• **Exercise instructions**: Take the lines from the head of the listing through the one bearing "Серый Шкода Фабия, объемом" and copy them exactly, leaving every picture out.

• **Dataset section**:
Content starts
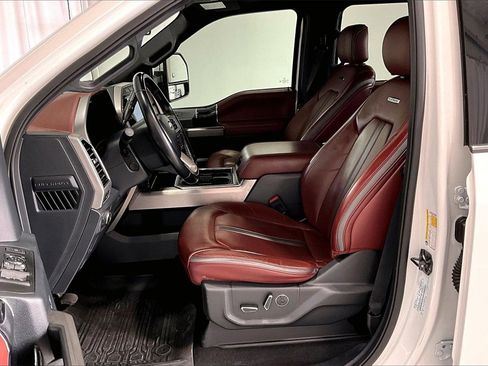 Used 2022 Ford F250 Platinum w/ Tremor Off-Road Package image 15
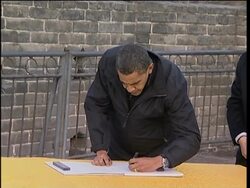 President Obama takes stroll down Great Wall News Clip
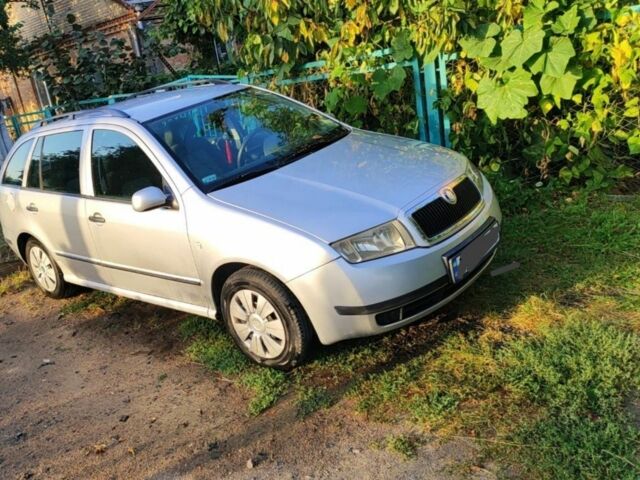 Серый Шкода Фабия, объемом двигателя 1.4 л и пробегом 258 тыс. км за 2800 $, фото 1 на Automoto.ua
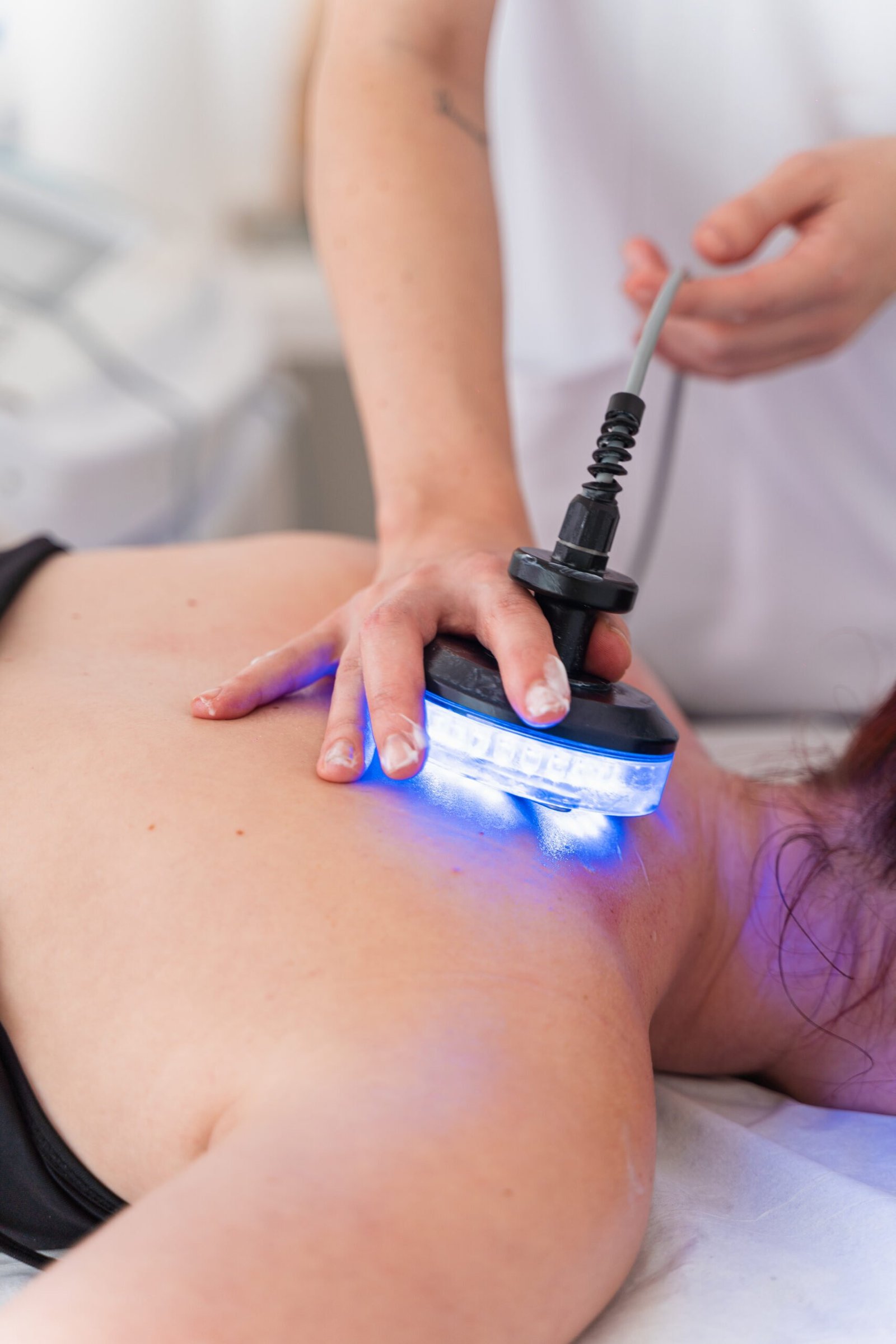 La fisioterapeuta Laura Bracero tratando la espalda de una paciente con diatermia.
Content ends
• **Solution for this problem**:
 Used 2022 Ford F250 Platinum w/ Tremor Off-Road Package image 15
 President Obama takes stroll down Great Wall News Clip
 Серый Шкода Фабия, объемом двигателя 1.4 л и пробегом 258 тыс. км за 2800 $, фото 1 на Automoto.ua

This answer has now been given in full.